» What you have to do: From the line that has "Знакомства: Алекс, 46 лет, Артем" down to the last line of the data below, set down every line exactly, but none of the pictures.

(Dataset section begins)

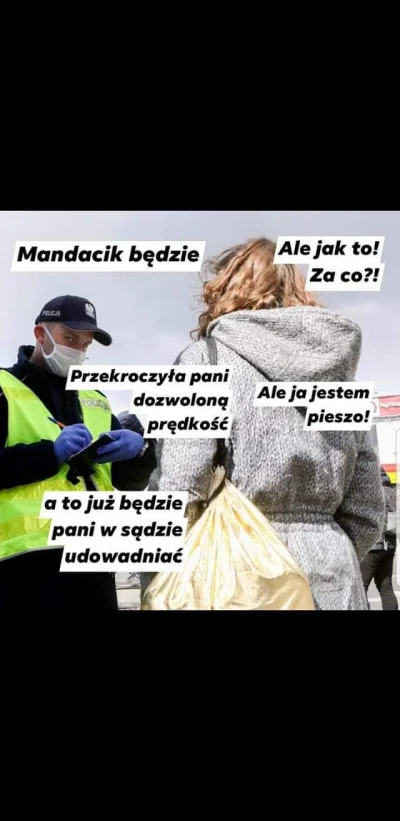 Q.....i - tak to będzie wyglądać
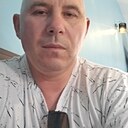 Знакомства: Алекс, 46 лет, Артем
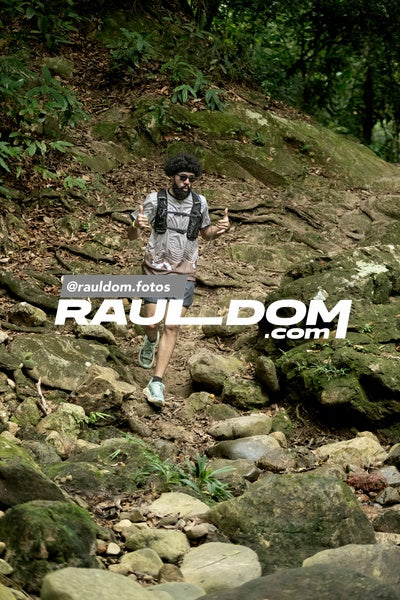 LaPintada360-rauldom-3029.jpg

(Dataset section ends)

» Task answer:
 Знакомства: Алекс, 46 лет, Артем
 LaPintada360-rauldom-3029.jpg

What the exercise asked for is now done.